Edge Attention Module for Object Classification
Santanu Roy, Ashvath Suresh, Archit Gupta
TL;DR
This work introduces the Edge Attention Module (EAM), a novel spatial attention mechanism built on a Max-Min pooling operation that isolates edge information to aid object classification. By attaching EAM (and optionally a second EAM, 2EAM) in parallel to pre-trained CNN backbones, the framework emphasizes boundary features and accelerates convergence, achieving state-of-the-art results on Caltech-101/256 and strong gains on CIFAR-100 and Tiny ImageNet-200 versus recent attention and pooling-based models. Extensive experiments, including 5-fold cross-validation and Grad-CAM analysis, validate that EAM directs model focus toward object edges, improving accuracy and robustness across diverse architectures.
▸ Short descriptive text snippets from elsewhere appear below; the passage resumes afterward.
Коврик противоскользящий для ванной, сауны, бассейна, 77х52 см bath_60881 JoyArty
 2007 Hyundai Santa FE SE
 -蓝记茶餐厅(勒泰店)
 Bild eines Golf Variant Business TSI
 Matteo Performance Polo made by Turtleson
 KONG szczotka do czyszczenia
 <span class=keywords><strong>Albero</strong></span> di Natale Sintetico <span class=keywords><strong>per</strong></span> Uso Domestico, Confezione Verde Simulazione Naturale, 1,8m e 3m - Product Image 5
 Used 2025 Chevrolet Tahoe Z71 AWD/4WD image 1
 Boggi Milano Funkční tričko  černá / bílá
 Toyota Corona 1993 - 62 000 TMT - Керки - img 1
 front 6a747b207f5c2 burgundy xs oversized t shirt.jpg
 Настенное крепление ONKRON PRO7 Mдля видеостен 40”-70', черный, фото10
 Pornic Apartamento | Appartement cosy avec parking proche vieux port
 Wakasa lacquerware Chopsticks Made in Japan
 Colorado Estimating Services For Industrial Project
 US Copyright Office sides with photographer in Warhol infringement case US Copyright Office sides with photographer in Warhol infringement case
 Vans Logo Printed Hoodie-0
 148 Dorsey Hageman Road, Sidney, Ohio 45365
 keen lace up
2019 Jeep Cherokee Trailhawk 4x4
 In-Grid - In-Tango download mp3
The authors also outline a flexible design, trade-offs in complexity, and plans to extend edge-focused modules to Vision Transformers (ViT) for broader impact.
Abstract
A novel ``edge attention-based Convolutional Neural Network (CNN)'' is proposed in this research for object classification task. With the advent of advanced computing technology, CNN models have achieved to remarkable success, particularly in computer vision applications. Nevertheless, the efficacy of the conventional CNN is often hindered due to class imbalance and inter-class similarity problems, which are particularly prominent in the computer vision field. In this research, we introduce for the first time an ``Edge Attention Module (EAM)'' consisting of a Max-Min pooling layer, followed by convolutional layers. This Max-Min pooling is entirely a novel pooling technique, specifically designed to capture only the edge information that is crucial for any object classification task. Therefore, by integrating this novel pooling technique into the attention module, the CNN network inherently prioritizes on essential edge features, thereby boosting the accuracy and F1-score of the model significantly. We have implemented our proposed EAM or 2EAMs on several standard pre-trained CNN models for Caltech-101, Caltech-256, CIFAR-100 and Tiny ImageNet-200 datasets. The extensive experiments reveal that our proposed framework (that is, EAM with CNN and 2EAMs with CNN), outperforms all pre-trained CNN models as well as recent trend models ``Pooling-based Vision Transformer (PiT)'', ``Convolutional Block Attention Module (CBAM)'', and ConvNext, by substantial margins. We have achieved the accuracy of 95.5% and 86% by the proposed framework on Caltech-101 and Caltech-256 datasets, respectively. So far, this is the best results on these datasets, to the best of our knowledge.